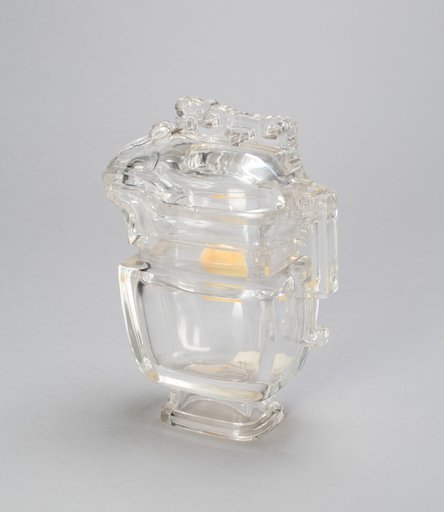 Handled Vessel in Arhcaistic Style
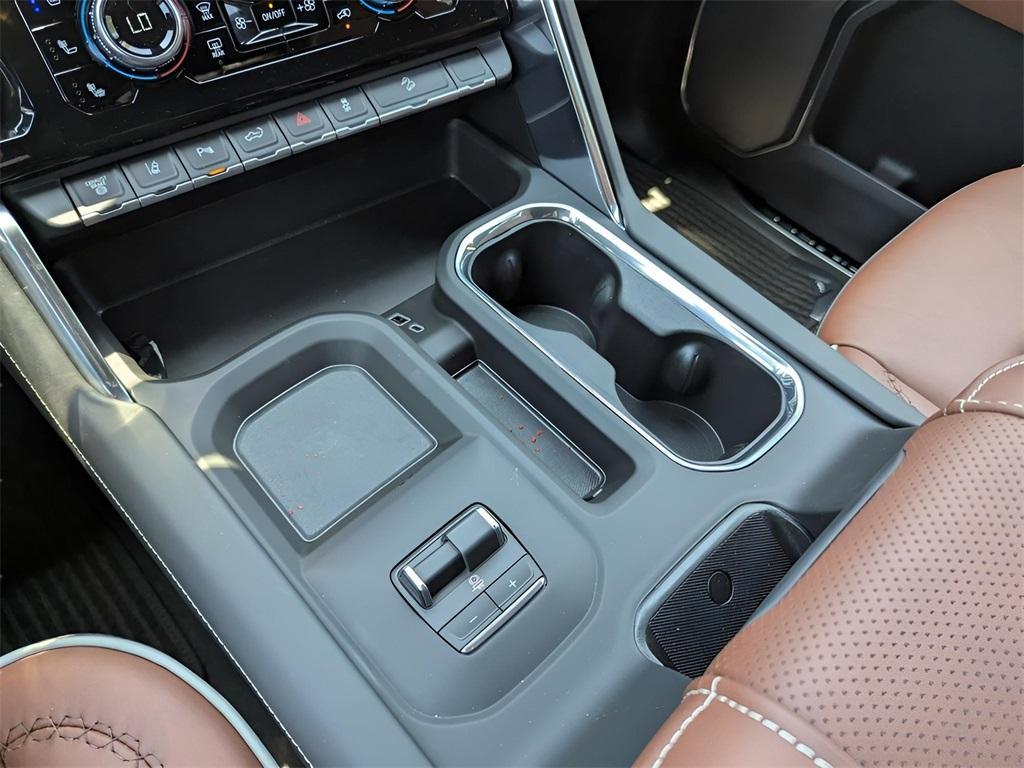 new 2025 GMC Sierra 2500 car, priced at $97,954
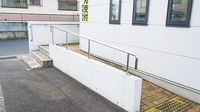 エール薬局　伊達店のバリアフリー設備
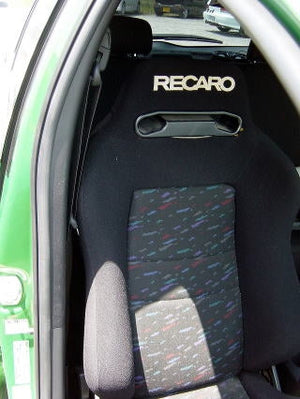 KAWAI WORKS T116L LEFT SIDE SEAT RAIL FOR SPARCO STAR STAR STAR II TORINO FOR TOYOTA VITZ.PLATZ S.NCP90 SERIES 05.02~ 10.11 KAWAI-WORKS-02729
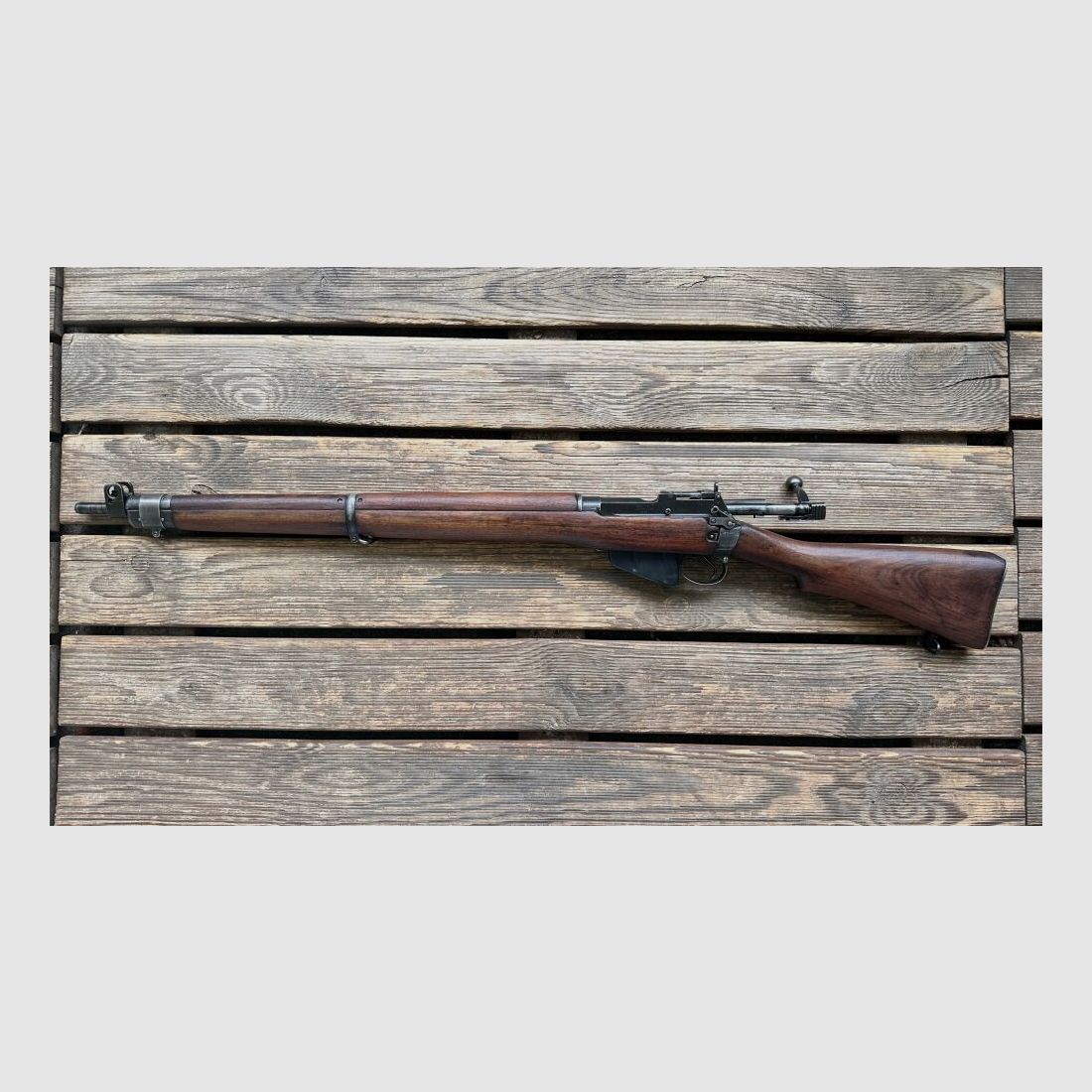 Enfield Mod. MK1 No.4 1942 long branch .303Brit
========
**Prompt**
Every record above should reappear exactly, with the pictures gone.

**Result below**
 Handled Vessel in Arhcaistic Style
 new 2025 GMC Sierra 2500 car, priced at $97,954
 エール薬局　伊達店のバリアフリー設備
 KAWAI WORKS T116L LEFT SIDE SEAT RAIL FOR SPARCO STAR STAR STAR II TORINO FOR TOYOTA VITZ.PLATZ S.NCP90 SERIES 05.02~ 10.11 KAWAI-WORKS-02729
 Enfield Mod. MK1 No.4 1942 long branch .303Brit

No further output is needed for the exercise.